(Input records)

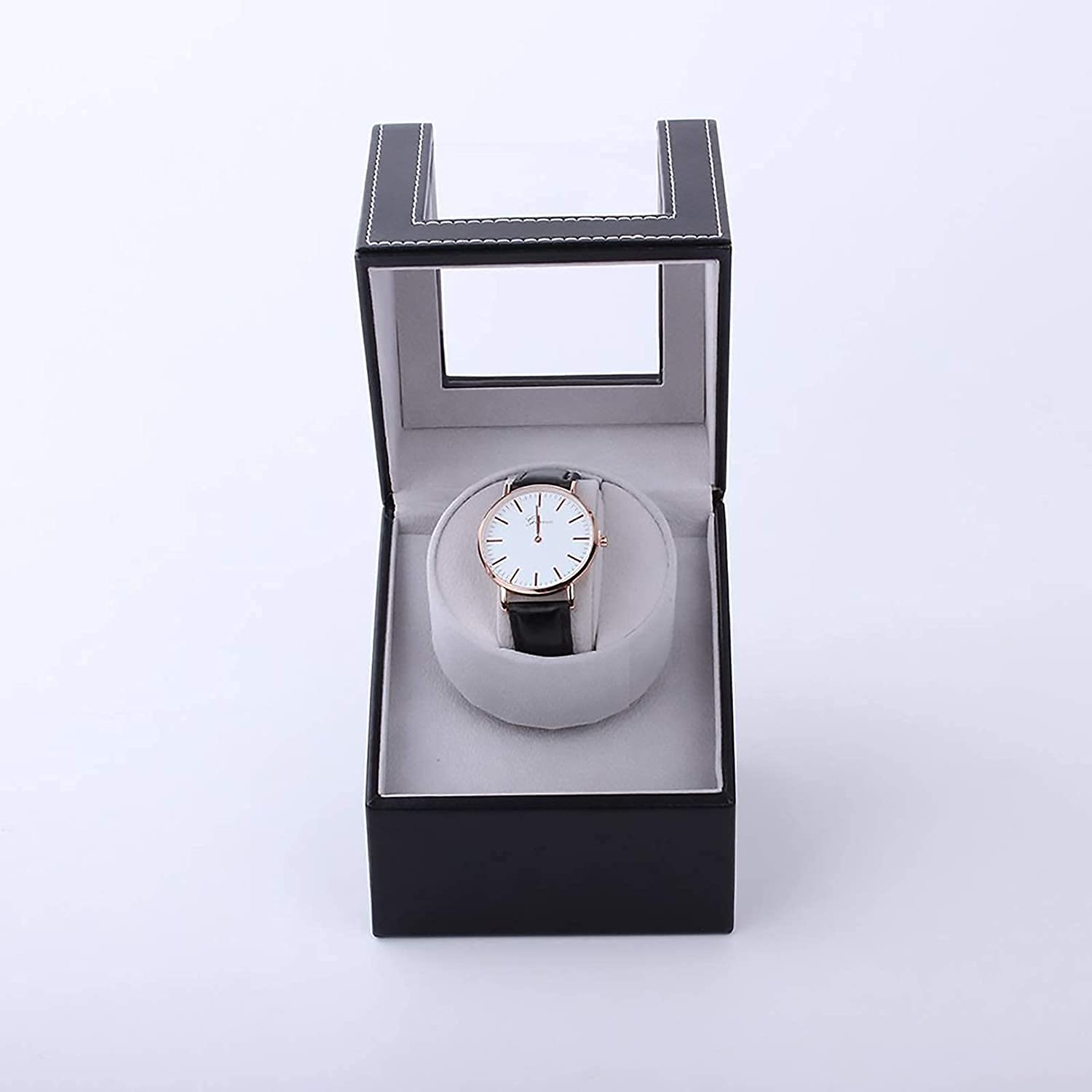 High Class Motor Watch Shaker Reloj de Pulsera Winder Case Holder Display Reloj mecánico automático Turntable Winding Watch Caja de Almacenamiento Marrón Negro (Negro)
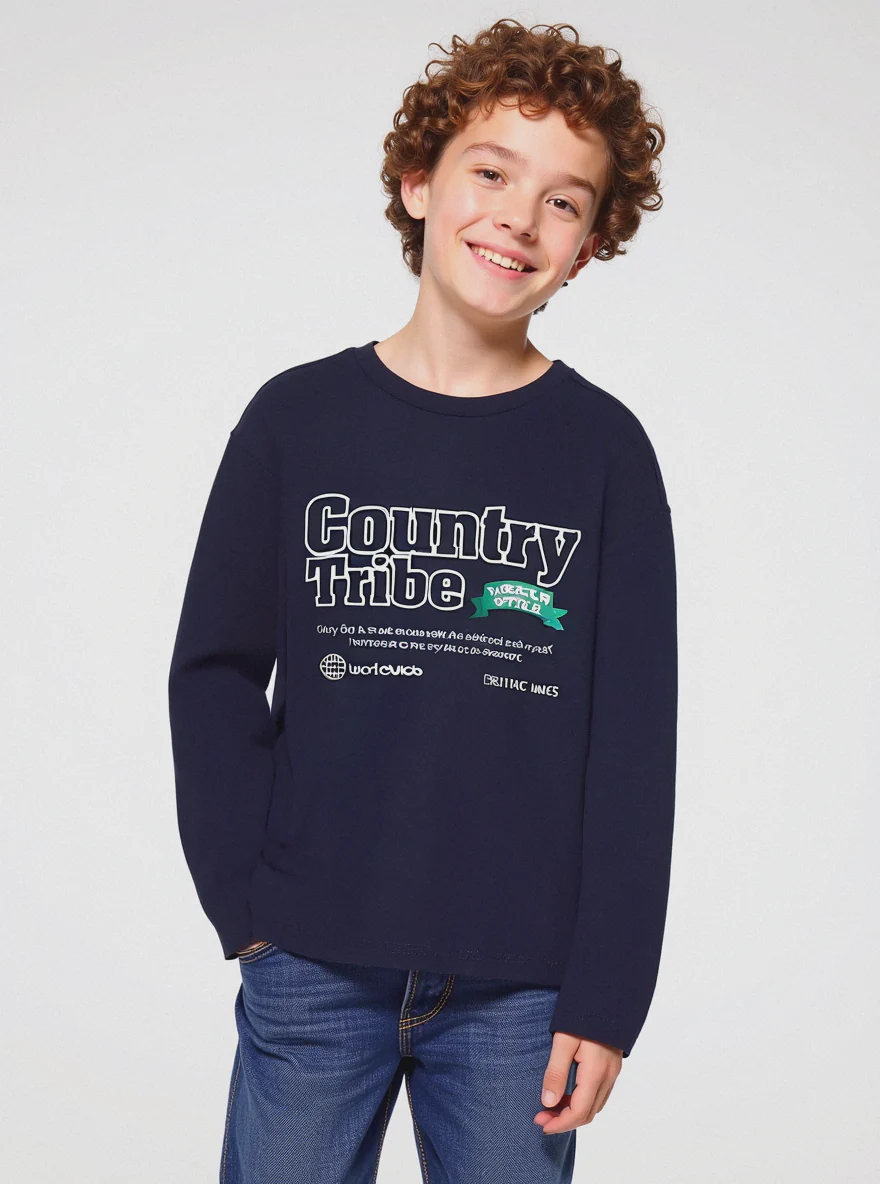 MAGLIA GIROCOLLO CON STAMPA - Blu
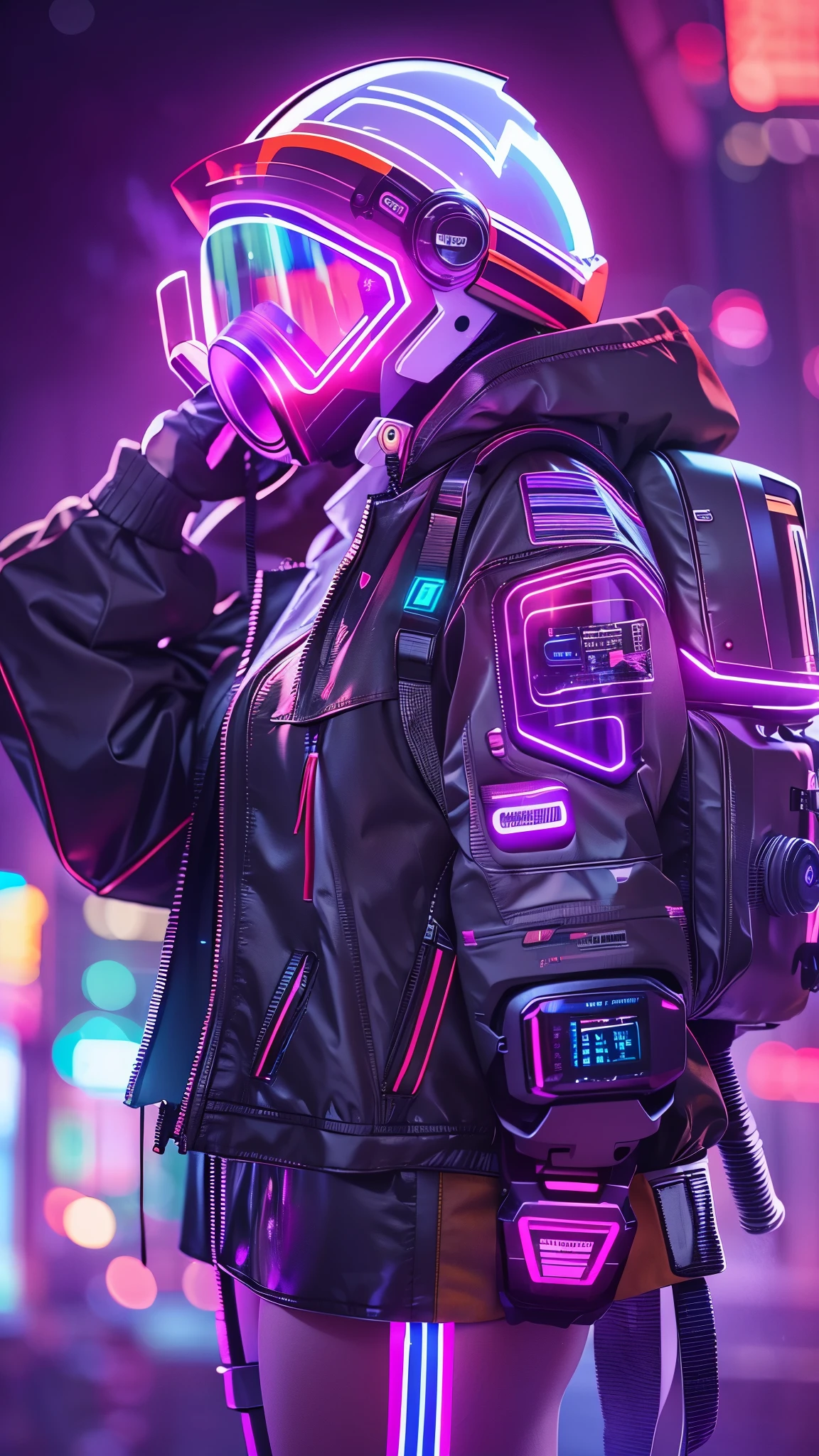 (good structure),high dynamic range,ultra high definition,8k,1 girl,Backpack,cyberpunk protective clothing,cyberpunk gas mask,cyberpunk protective helmet,Glowing helmet,Neon lamp,neon color,blurred background,Color difference,glowing mask screen,night,side body,Luminous display on arm,Upper body,cyberpunk,depth of field,jacket,lens flare,lamp,neon lamp,alone,space,Star \(Sky\)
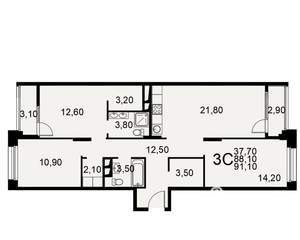 3-к квартира, вторичка, 88м2, 3/25 этаж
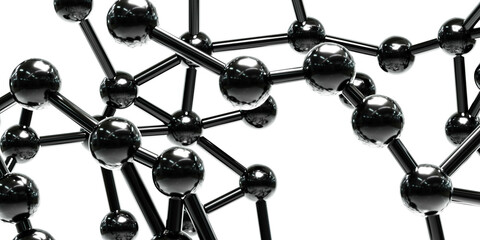 Illustration of a 3D render of black balls on a white background 3d render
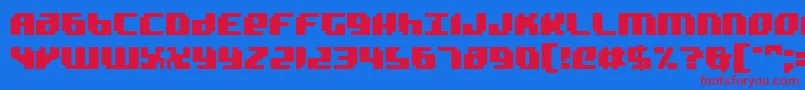 フォントBadrobot – 赤い文字の青い背景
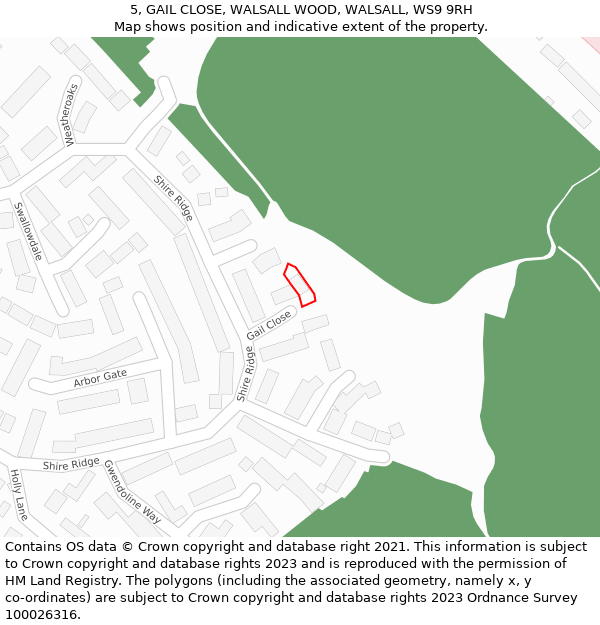 5, GAIL CLOSE, WALSALL WOOD, WALSALL, WS9 9RH: Location map and indicative extent of plot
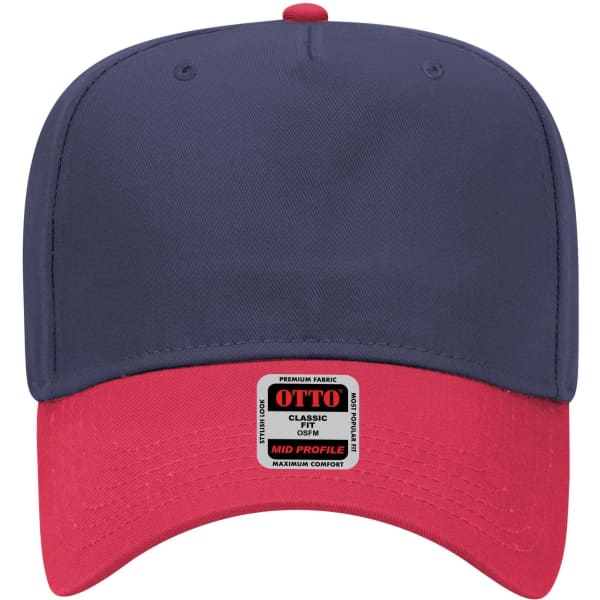 A five-panel mid crown baseball cap in navy blue and red, featuring a label on the brim.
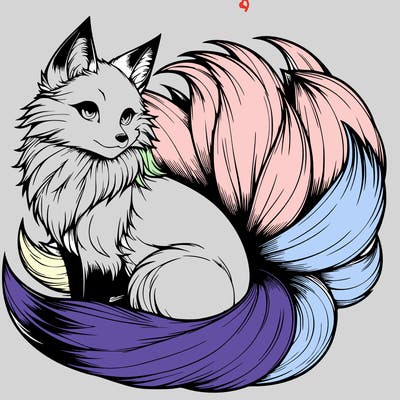 realistic detailed 9 tailed anime fox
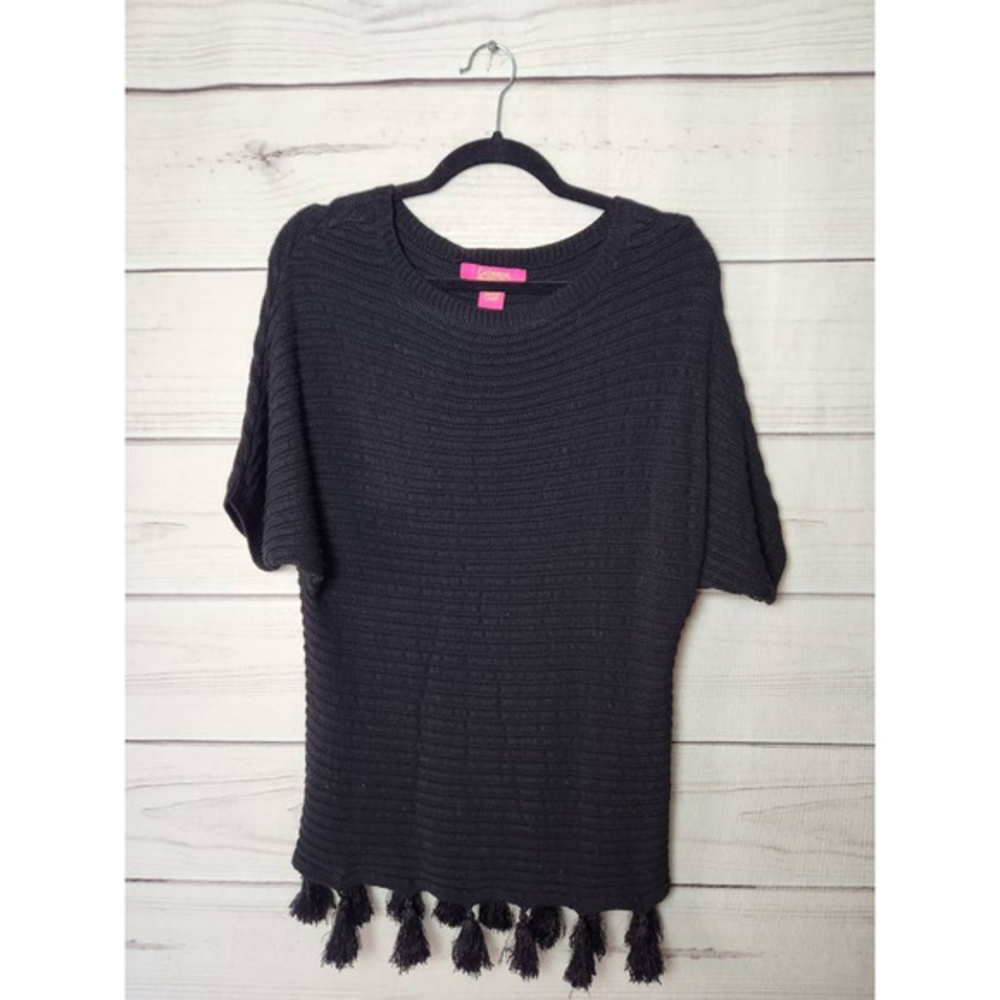 Catherine Womens‎ Pullover Sweater Black Short Sleeve Jewel Neck Tassel Hem M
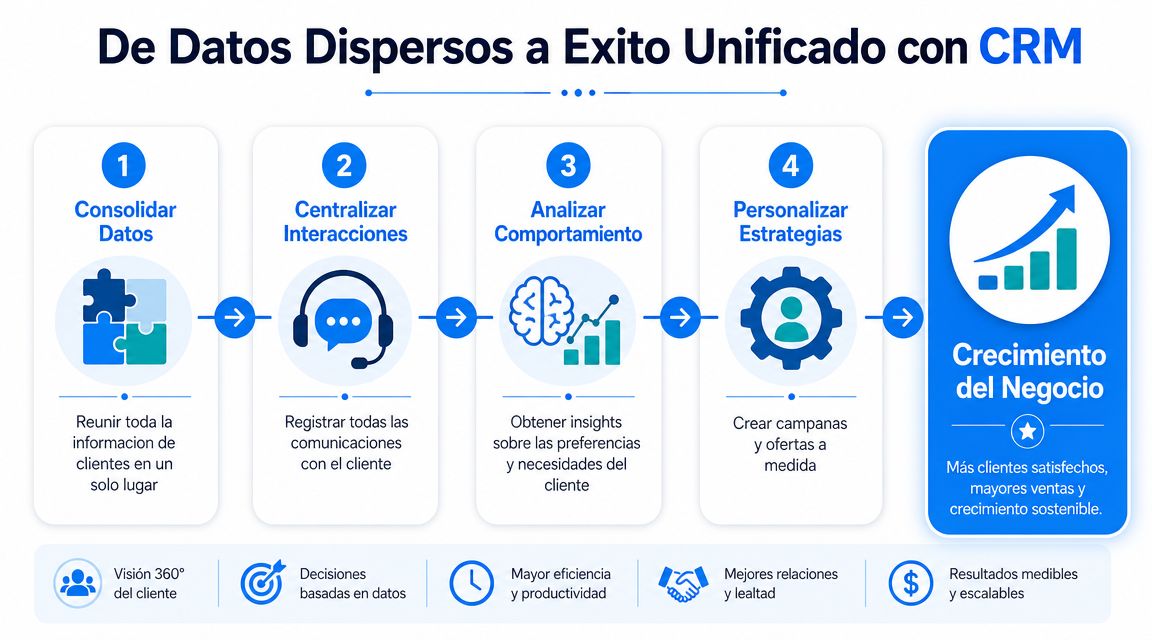 Diagrama que muestra cómo un CRM consolida datos, analiza comportamientos y personaliza estrategias para el crecimiento empresarial.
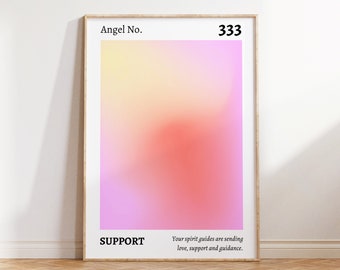 333 Angel Number Print: Gradient Aura Spiritual Art (Digital Download)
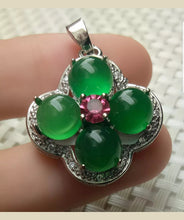 Load image into Gallery viewer, 10% OFF- Certified Natural Jadeite Emerald A Jade Handcrafted Flower Pendant-Silver Necklace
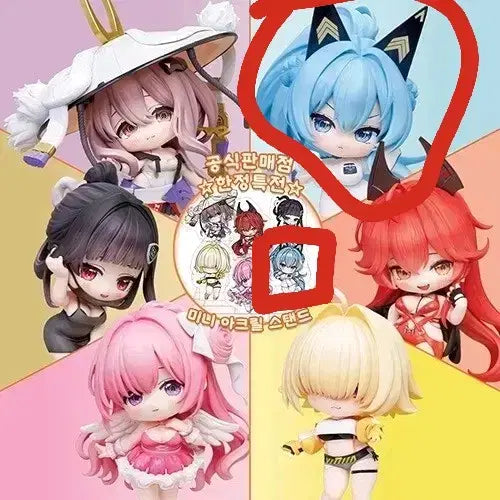 [BUNJANG] Nihye Habisakura Helm SD Figure + Mini Acrylic Stand Special Set / 니케 하비사쿠라 헬름 sd 피규어+미니 아크릴 스탠드 특전 세트 양도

(End Input records)

— Requirement —
Your task is to copy exactly the lines from the line containing "Load image into" through the final line of the listing above and to omit every picture.

— Task response —
 Load image into Gallery viewer, 10% OFF- Certified Natural Jadeite Emerald A Jade Handcrafted Flower Pendant-Silver Necklace
 [BUNJANG] Nihye Habisakura Helm SD Figure + Mini Acrylic Stand Special Set / 니케 하비사쿠라 헬름 sd 피규어+미니 아크릴 스탠드 특전 세트 양도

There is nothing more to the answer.